The snapshot process is responsible for identifying an Lsn that corresponds to a point-in-time view of the data for the table(s) being copied. Similarly to MySQL, Microsoft SQL server, as far as we know, does not provide an API to achieve this.

SQL Server SNAPSHOT isolation provides guarantees that a reader will only see writes committed before the transaction began. More specficially, this snapshot is implemented using versions that are visibile based on the transaction sequence number (XSN). The XSN is set at the first read or write, not at BEGIN TRANSACTION, see here. This provides us a suitable starting point for capturing the table data. To force an XSN to be assigned, experiments have shown that a table must be read. We choose a well-known table that we should already have access to, cdc.change_tables, and read a single value from it.

Due to the asynchronous nature of CDC, we can assume that the Lsn returned from any CDC tables or CDC functions will always be stale, in relation to the source table that CDC is tracking. The system table sys.dm_tran_database_transactions will contain an Lsn for any transaction that performs a write operation. Creating a savepoint using SAVE TRANSACTION is sufficient to generate an Lsn in this case.

To ensure that the the point-in-time view is established atomically with collection of the Lsn, we lock the tables to prevent writes from being interleaved between the 2 commands (read to establish XSN and creation of the savepoint).
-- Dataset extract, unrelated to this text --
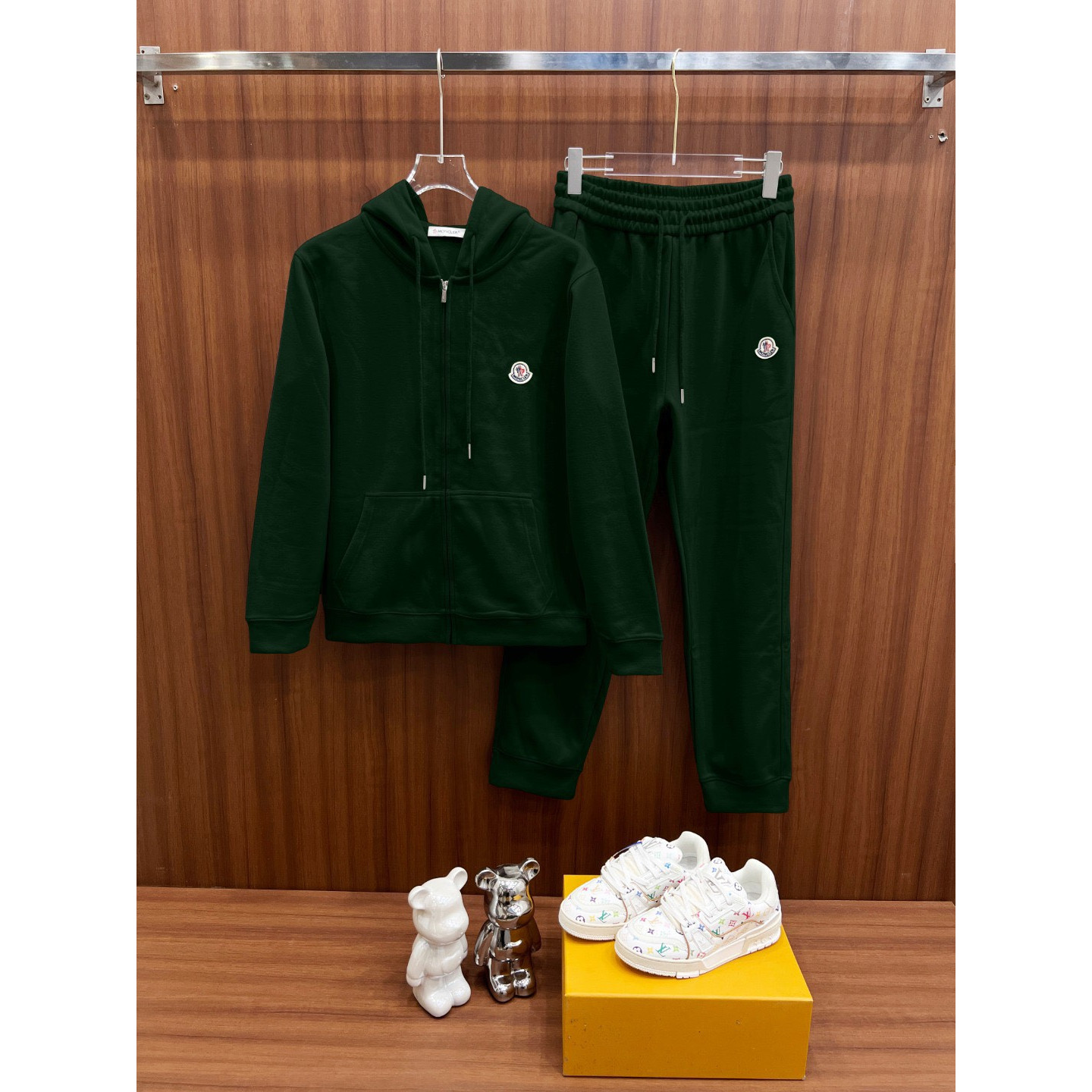 <p>Moncler 连帽套装(墨绿)</p>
SQL server supports table locks, but those will only be released once the outermost transaction completes. For this reason, this module uses two connections for the snapshot process. The first connection is used to initiate a transaction and lock the upstream tables under TransactionIsolationLevel::ReadCommitted isolation. While the first connection maintains the locks, the second connection starts a transaction with TransactionIsolationLevel::Snapshot isolation and creates a savepoint. Once the savepoint is created, SQL server has assigned an Lsn and the the first connection rolls back the transaction. The Lsn and snapshot are captured by the second connection within the existing transaction.
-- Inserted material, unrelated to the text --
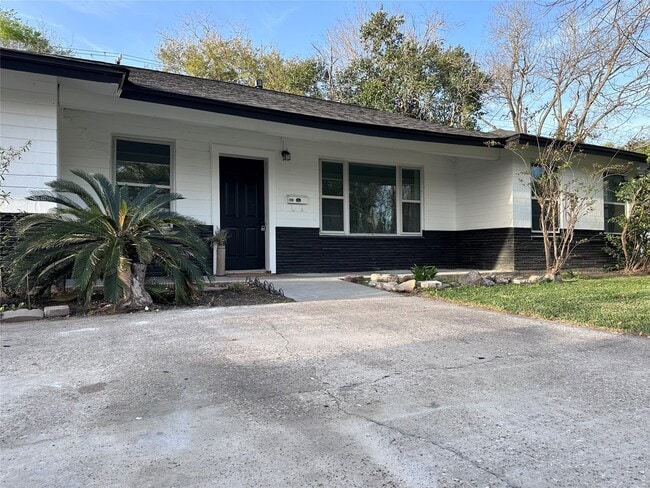 Photo - 608 W Lobit Ave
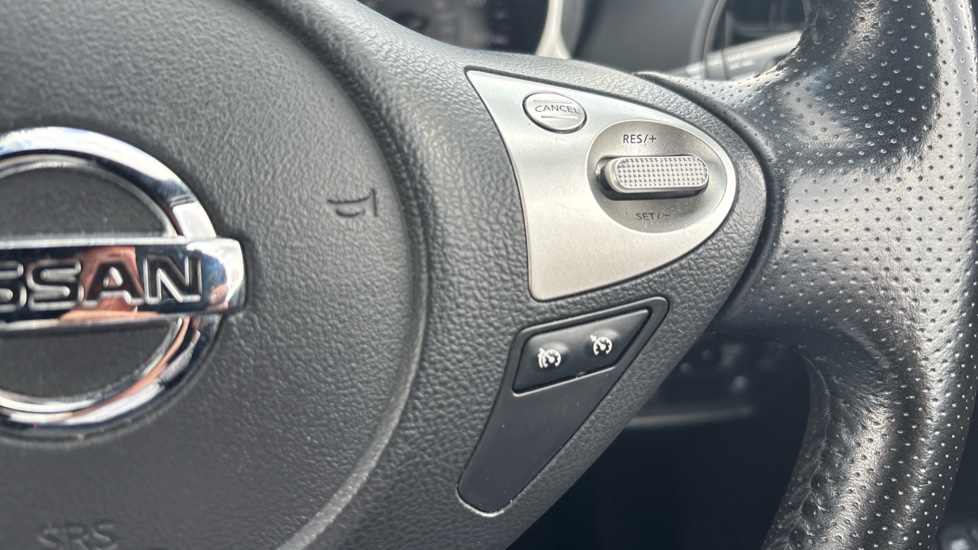 Nissan Juke 1.2 DiG-T N-Connecta 5dr Petrol Hatchback - Image 30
After completing the snapshot we use crate::inspect::get_changes_asc which will return all changes between a [lower, upper) bound of Lsns.

Structs§

CdcStream
A stream of changes from a table in SQL Server that has CDC enabled.
Lsn
This type is used to represent the progress of each SQL Server instance in the ingestion dataflow.
StructuredLsn
Structured format of an Lsn.

Enums§

CdcError
CdcEvent
A change event from a CdcStream.
Operation
Identifies what change was made to the SQL Server table tracked by CDC.
RowFilterOption
When querying CDC functions like cdc.fn_cdc_get_all_changes_<capture_instance> this governs what content is returned.